Vous ne m’en voudrez pas trop, j’espère, mon cher ami, si après vous avoir écrit il y a cinq ou six jours, je cède encore aujourd’hui au besoin qui me force de vous supplier de m’aimer, même au milieu de notre silence. Gouraud, commencez-vous à être de ces gens qui prétendent connaître le coeur humain et disent que toute amitié est songe et mensonge, fumée de jeune homme que le temps dissipe avec les illusions de la vie? J’espère bien n’être jamais du nombre de ces gens par la raison toute simple que, plus je vois le vide [et] la nullité de bien des choses qui m’avaient séduit, plus je trouve dans l’amitié la réalité, que vous dirai-je? la perfection de l’être.

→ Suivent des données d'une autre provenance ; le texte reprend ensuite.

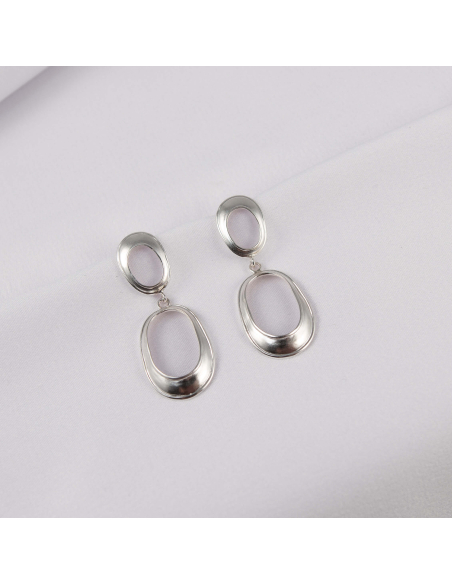 Cercei Cascara Oval Duo Minimal, realizat manual. - Monom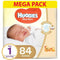 Huggies - New Born Diapers, Size 1, Carry Pack, Upto 5 Kg,  84 Diapers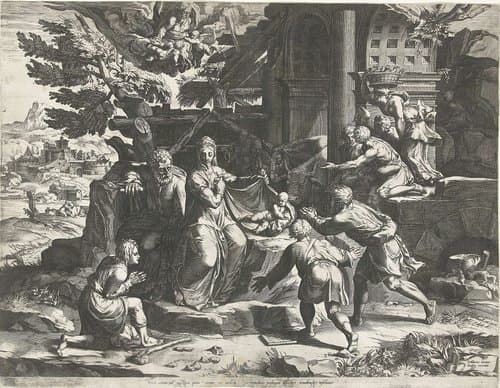 Aanbidding door de herders by anonymous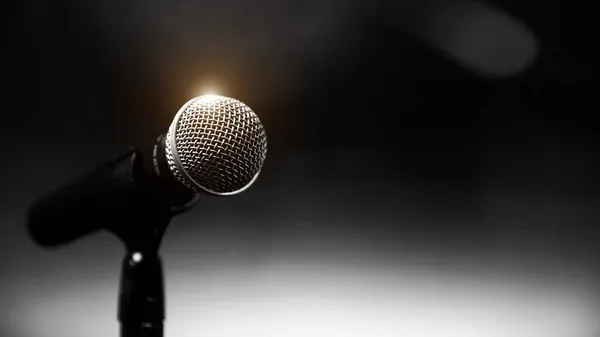 Publiczne Wystąpienie Tle Close Mikrofon Stoisku Prezentacji Mowy Głośnik Wydajność — Zdjęcie stockowe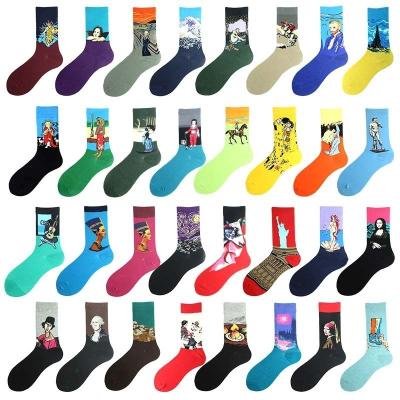 China Breathable Funny Novelty Print Breathable Funny Novelty Hip Hop Mens Socks Cartoon Oil Sokken Happy Unisex Casual Comfortable Skateboard Crazy Meias for sale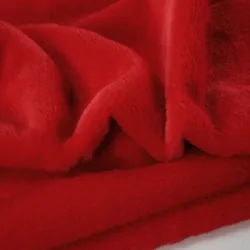 Luxurious Encrypted Thickened Faux Rabbit Fur Fabric - 50x50cm, Decorative Polyester Padding - L (Red 50x50cm)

Ces pensées, je fus entraîné à les approfondir, autant que j’en suis capable, il y a quelques jours, en lisant une lettre que vous m’écrivîtes, il y a trois ans, entre minuit et 1 heure, après avoir passé la soirée avec moi. J’admirais comme vous m’y parliez de Dieu et comme cette pensée donnait de l’énergie à vos sentiments. Eh! c’est bien cela, il faut s’appuyer sur Dieu pour avoir quelque force, je dis une force durable, pour agir, mais surtout pour aimer. Que nous sommes heureux, aimable ami, d’avoir cette ancre pour fixer notre barque, tandis que la mer en submerge tant d’autres autour de nous! On dit que certains amants, que les lieux séparent, conviennent de regarder la lune comme point de rapprochement. Nous autres, nous pouvons regarder Dieu, et c’est, pour se réunir, un terme aussi bon qu’un autre. Regardez donc, je vous prie, quelquefois Dieu en pensant à moi; jetez-vous dans cet abîme et, de là, appelez-moi. J’y serai bientôt, et là nous nous retrouverons, et nous pourrons nous aimer davantage.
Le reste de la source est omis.